- [The task] Without including any pictures, please copy every entry below exactly.

- [Exercise data]
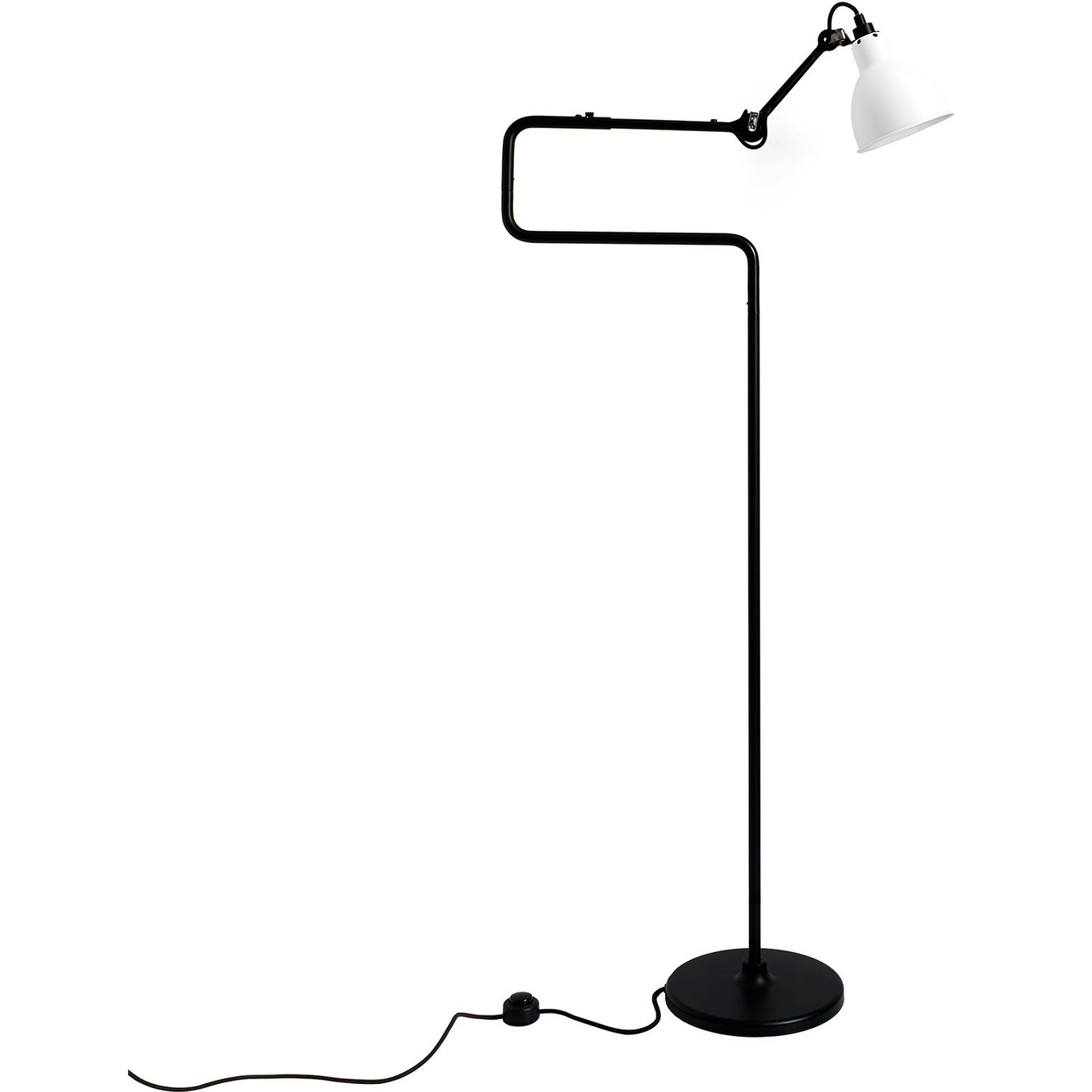 La Lampe Gras N°411 Stehlampe, Schwarz / Weiß
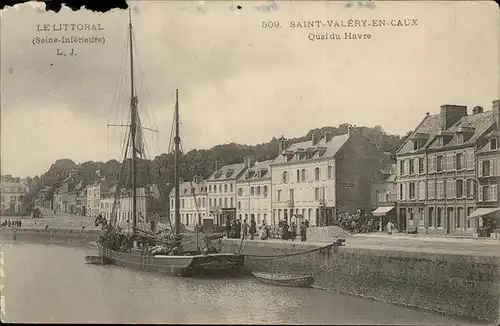 Saint-Valery-en-Caux Quai du Havre / Saint-Valery-en-Caux /Arrond. de Dieppe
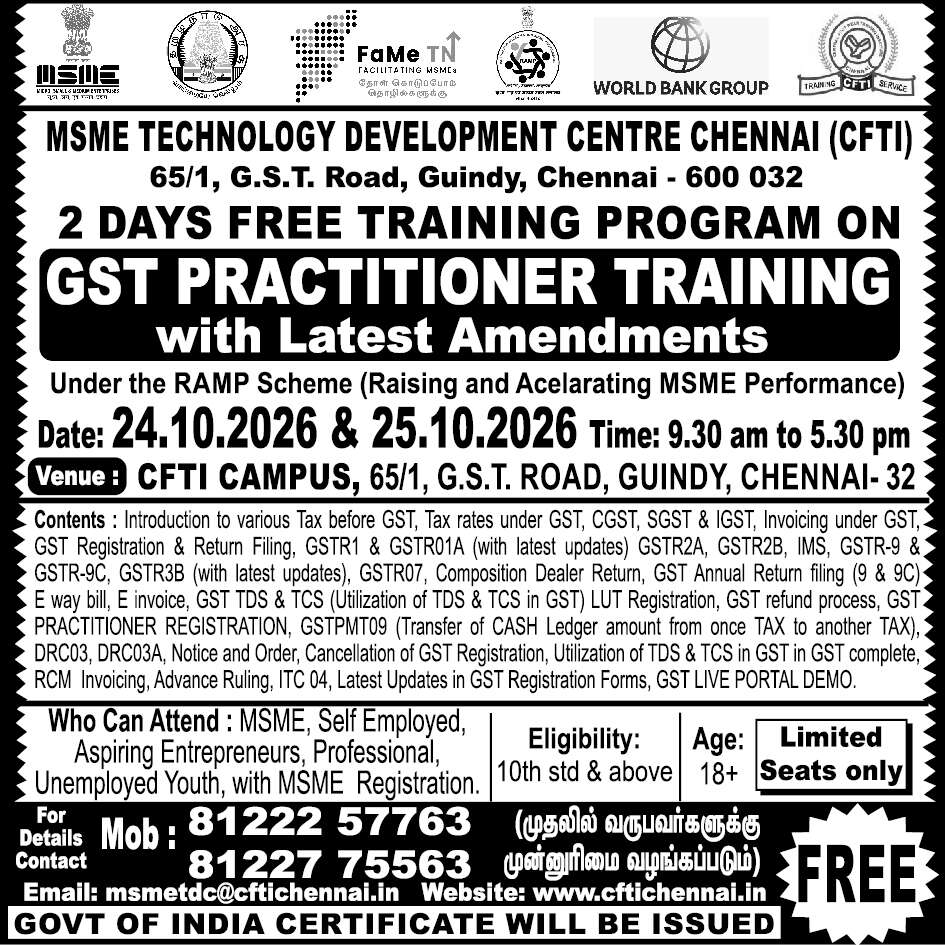 https://tenkasilife.com/jobs/msme-chennai-free-training-programmes-2026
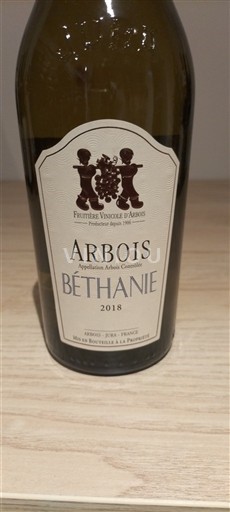 Jura Arbois Fruitière Vinicole Arbois Béthanie 2018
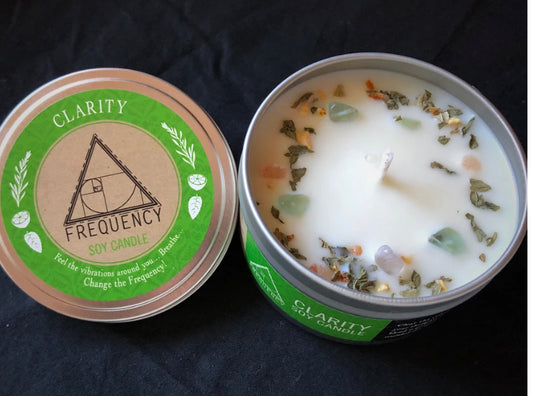 Clarity Soy Candle -Crystal Infused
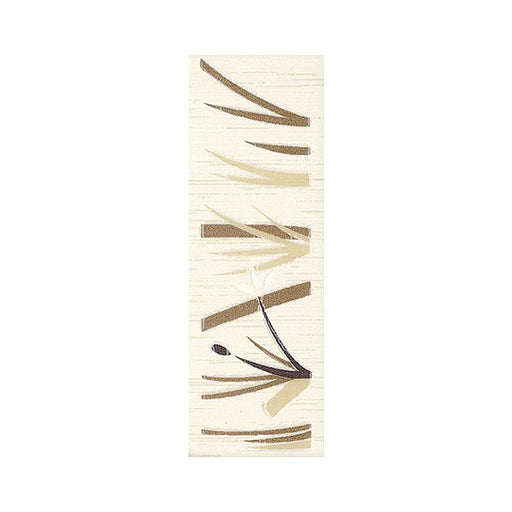 OLYMPIA TILE + STONE - Bamboo Series - Glazed Wall Tile - Beige Floral - Listello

- [Result of the task]
 La Lampe Gras N°411 Stehlampe, Schwarz / Weiß
 Saint-Valery-en-Caux Quai du Havre / Saint-Valery-en-Caux /Arrond. de Dieppe
 https://tenkasilife.com/jobs/msme-chennai-free-training-programmes-2026
 Jura Arbois Fruitière Vinicole Arbois Béthanie 2018
 Clarity Soy Candle -Crystal Infused
 OLYMPIA TILE + STONE - Bamboo Series - Glazed Wall Tile - Beige Floral - Listello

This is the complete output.